Onetti
è Onetti è Onetti…
Raccattacadaveri
è uno dei libri che Onetti dedica alla saga di Santa Maria, Raccattacadaveri è
Larsen, gestore di un bordello, ma Raccattacadaveri non è solo una trama come
tante, Raccattacadaveri è un capolavoro di stile, una delizia per il lettore,
con passaggi da leggere e rileggere più volte per gustarne appieno il bouquet,
come un vino sapientemente invecchiato del quale non vogliamo perdere neppure
una sfumatura.
Sfrondare,
tagliare, eliminare il più possibile gli aggettivi, dire e non dire, andare all’osso…
così dicono i soloni della scrittura creativa. Sì, certo: vallo a dire a
Onetti, prova a togliere solo una parola a quelle frasi rigogliose, cariche
come grappoli d’uva.
Era un uomo di oltre cinquant’anni, con una peluria a piumino intorno
alla pelle rosea del cranio, con la faccia flaccida e glabra, con sporadiche
fiammelle d’astuzia e d’interesse sotto la canizie precoce delle sopraccigli.

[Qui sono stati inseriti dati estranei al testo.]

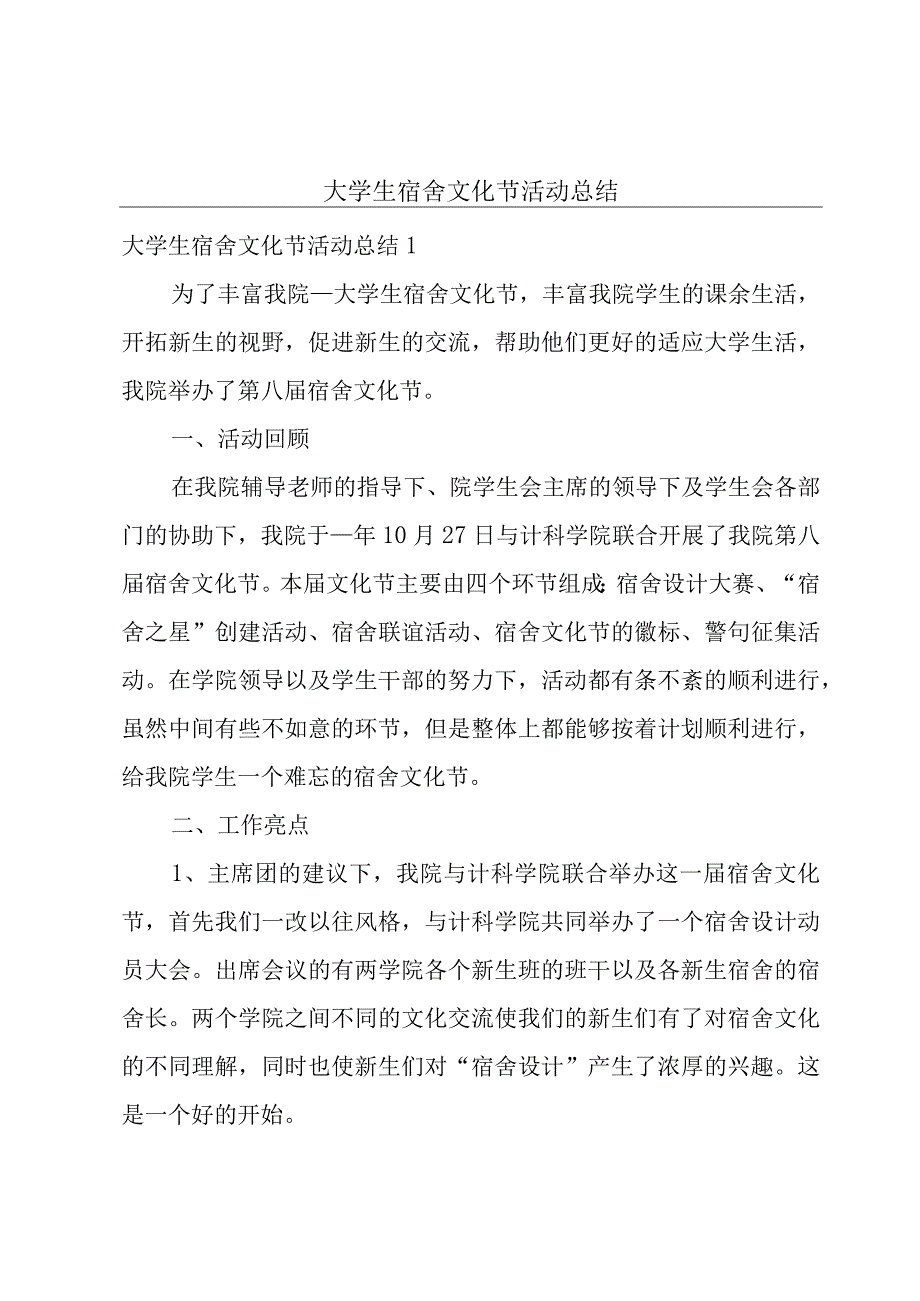 大学生宿舍文化节活动总结.docx_第1页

S’accomodava,
corretto e pesante, sul sedile circolare della sedia, teneva unite le scarpe
piccole e lucide, e descriveva curve nell’aria con la mano sinistra, o la
presentava a palmo rovesciato sulla coscia. Forse sapeva di cosa stava parlando
quando imponeva il racconto della sua vita, ed enumerava o diminuiva
ingiustizie; quando la voce ridente ripercorreva luoghi comuni: il capitalismo,
l’oligarchia, le cooperative agricole o il laburismo inglese; quando lasciava
intendere che tutto ciò era stato, se non un prologo deliberato, un antecedente
fatale dell’esistenza di un postribolo a Santa Maria.
Ecco,
questo, per esempio, è Barthè, il farmacista.
E
questo Jorge, il ragazzo:
io sono io, Jorge. Io sono io, questo essere,
questo loro “ragazzino”, triste, diverso, incerto e saldo quanto nessuno di
loro potrebbe mai sospettare; così discosto e così incombente su tutti loro. Io
sono costui che guardo vivere e fare, con simpatia, senza amore eccessivo; io
sono costui con la pazienza cortese e inesauribile nei confronti di ognuna
delle commedie tediose e senza spirito nelle quali loro si ostinano a
complicarsi per far sì che gli riesca intellegibile, per preservarsi dalle
novità e dalle diffidenze. Cammino in un giardino curato e umido, mi lascio
bagnare il viso dalla pioggia che non spiega nulla, penso oscenità distratte,
guardo la luce della finestra dei miei. Non voglio imparare a vivere, ma
scoprire la vita una volta per sempre. Giudico con passione e vergogna, non
posso impedirmi di giudicare; tossisco e sputo verso il profumo dei fiori e
della terra, ricordo la condanna e l’orgoglio di non partecipare alle loro
azioni.
E
siamo solo a pagina 30. 30 di 300.
Trecento
pagine di prosa ipnotica, parole che galleggiano leggere sul foglio, la sciabordio
dell’onda che lambisce la riva, quel ritmo regolare che chiede solo di essere
assecondato. Rallentare la corsa dei pensieri, chiudere gli occhi, ascoltare,
provare a sentire le cose. Lasciarsi andare.
Raccattacadaveri
è un libro di immagini: le donne di vita che arrivano a Santa Maria, i vari
protagonisti della trama, il dottor Diaz Grey che lascia la casa di Larsen:
Scesero le scale, entrando nel vento freddo che arrivava dalla strada;
Diaz Grey con gli occhi socchiusi e col bastone appeso al braccio, mentre si
appoggiava al corrimano e così si lasciava guidare, risentì, con la stessa
intensità di cinque anni prima, ma con una tenera curiosità che non aveva
conosciuto prima, la tentazione del suicidio. Si calava nella penombra verso il
vento e la solitudine delle strade, verso le abitudini, verso il pranzo da
solo, verso la ripetizione di gesti e di frasi rivolti alla serva, verso i
vecchi trucchi per mezzo dei quali riusciva a non pensarsi, a non affrontarsi.
Un
mondo di vinti, di personaggi che interpretano una parte e mentono, anche a se
stessi. Un mondo fatto di attese infinite, di disincanto, di parole che evocano
immagini che evocano suggestioni…
Leggere
Raccattacadaveri ed entrare nel suo mondo è stato per me un grande privilegio.